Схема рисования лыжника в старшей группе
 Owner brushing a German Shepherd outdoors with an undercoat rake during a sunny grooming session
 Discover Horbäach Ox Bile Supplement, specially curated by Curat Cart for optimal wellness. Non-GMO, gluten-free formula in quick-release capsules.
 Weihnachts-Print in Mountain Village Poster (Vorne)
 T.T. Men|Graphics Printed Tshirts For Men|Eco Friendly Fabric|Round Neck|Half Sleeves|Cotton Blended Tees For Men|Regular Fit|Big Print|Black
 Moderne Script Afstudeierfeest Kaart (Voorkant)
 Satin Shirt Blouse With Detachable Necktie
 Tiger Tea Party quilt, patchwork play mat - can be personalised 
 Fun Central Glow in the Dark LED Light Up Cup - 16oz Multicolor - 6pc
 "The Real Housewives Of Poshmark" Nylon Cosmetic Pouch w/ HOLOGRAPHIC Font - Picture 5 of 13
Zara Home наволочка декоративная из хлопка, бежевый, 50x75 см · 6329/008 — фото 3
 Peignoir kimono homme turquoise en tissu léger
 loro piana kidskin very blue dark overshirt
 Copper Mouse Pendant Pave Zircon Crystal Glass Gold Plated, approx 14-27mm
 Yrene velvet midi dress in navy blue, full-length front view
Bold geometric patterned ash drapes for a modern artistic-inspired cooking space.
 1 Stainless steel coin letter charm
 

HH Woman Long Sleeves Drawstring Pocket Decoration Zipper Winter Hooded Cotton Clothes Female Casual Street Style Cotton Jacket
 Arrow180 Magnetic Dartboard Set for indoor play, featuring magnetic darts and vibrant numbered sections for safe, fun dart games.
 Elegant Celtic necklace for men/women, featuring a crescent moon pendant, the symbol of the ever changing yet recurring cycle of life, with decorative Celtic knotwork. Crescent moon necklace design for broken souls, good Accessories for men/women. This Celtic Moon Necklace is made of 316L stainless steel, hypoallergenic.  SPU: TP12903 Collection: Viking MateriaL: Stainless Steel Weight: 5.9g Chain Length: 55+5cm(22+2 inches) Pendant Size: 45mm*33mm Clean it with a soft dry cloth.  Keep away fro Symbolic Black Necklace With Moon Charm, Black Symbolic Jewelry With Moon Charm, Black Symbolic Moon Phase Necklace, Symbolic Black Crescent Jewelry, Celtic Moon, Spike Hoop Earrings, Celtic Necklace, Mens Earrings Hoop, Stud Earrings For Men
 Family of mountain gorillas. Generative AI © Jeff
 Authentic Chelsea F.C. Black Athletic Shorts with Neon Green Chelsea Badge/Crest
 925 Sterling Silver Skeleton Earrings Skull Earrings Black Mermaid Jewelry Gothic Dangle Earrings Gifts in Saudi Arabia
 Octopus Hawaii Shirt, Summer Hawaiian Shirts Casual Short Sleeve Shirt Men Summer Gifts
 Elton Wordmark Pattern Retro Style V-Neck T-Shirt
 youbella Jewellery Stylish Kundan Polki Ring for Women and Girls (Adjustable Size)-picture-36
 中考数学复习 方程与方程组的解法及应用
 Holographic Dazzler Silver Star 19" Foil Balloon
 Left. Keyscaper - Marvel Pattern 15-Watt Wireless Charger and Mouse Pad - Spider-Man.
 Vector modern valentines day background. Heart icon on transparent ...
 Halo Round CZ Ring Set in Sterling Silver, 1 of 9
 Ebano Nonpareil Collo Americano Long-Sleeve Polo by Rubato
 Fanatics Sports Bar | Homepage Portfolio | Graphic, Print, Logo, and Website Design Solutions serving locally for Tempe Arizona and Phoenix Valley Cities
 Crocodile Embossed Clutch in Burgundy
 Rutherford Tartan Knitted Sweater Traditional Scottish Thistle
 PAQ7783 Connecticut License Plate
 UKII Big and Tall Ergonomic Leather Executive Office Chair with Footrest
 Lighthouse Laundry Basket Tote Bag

= = =

*Exercise prompt*
Where the listing above reaches the line that contains "Moderne Script Afstudeierfeest", start retyping, and finish with the line that contains "HH Woman Long"; reproduce those lines exactly and no others.

*Written answer*
 Moderne Script Afstudeierfeest Kaart (Voorkant)
 Satin Shirt Blouse With Detachable Necktie
 Tiger Tea Party quilt, patchwork play mat - can be personalised 
 Fun Central Glow in the Dark LED Light Up Cup - 16oz Multicolor - 6pc
 "The Real Housewives Of Poshmark" Nylon Cosmetic Pouch w/ HOLOGRAPHIC Font - Picture 5 of 13
Zara Home наволочка декоративная из хлопка, бежевый, 50x75 см · 6329/008 — фото 3
 Peignoir kimono homme turquoise en tissu léger
 loro piana kidskin very blue dark overshirt
 Copper Mouse Pendant Pave Zircon Crystal Glass Gold Plated, approx 14-27mm
 Yrene velvet midi dress in navy blue, full-length front view
Bold geometric patterned ash drapes for a modern artistic-inspired cooking space.
 1 Stainless steel coin letter charm
 

HH Woman Long Sleeves Drawstring Pocket Decoration Zipper Winter Hooded Cotton Clothes Female Casual Street Style Cotton Jacket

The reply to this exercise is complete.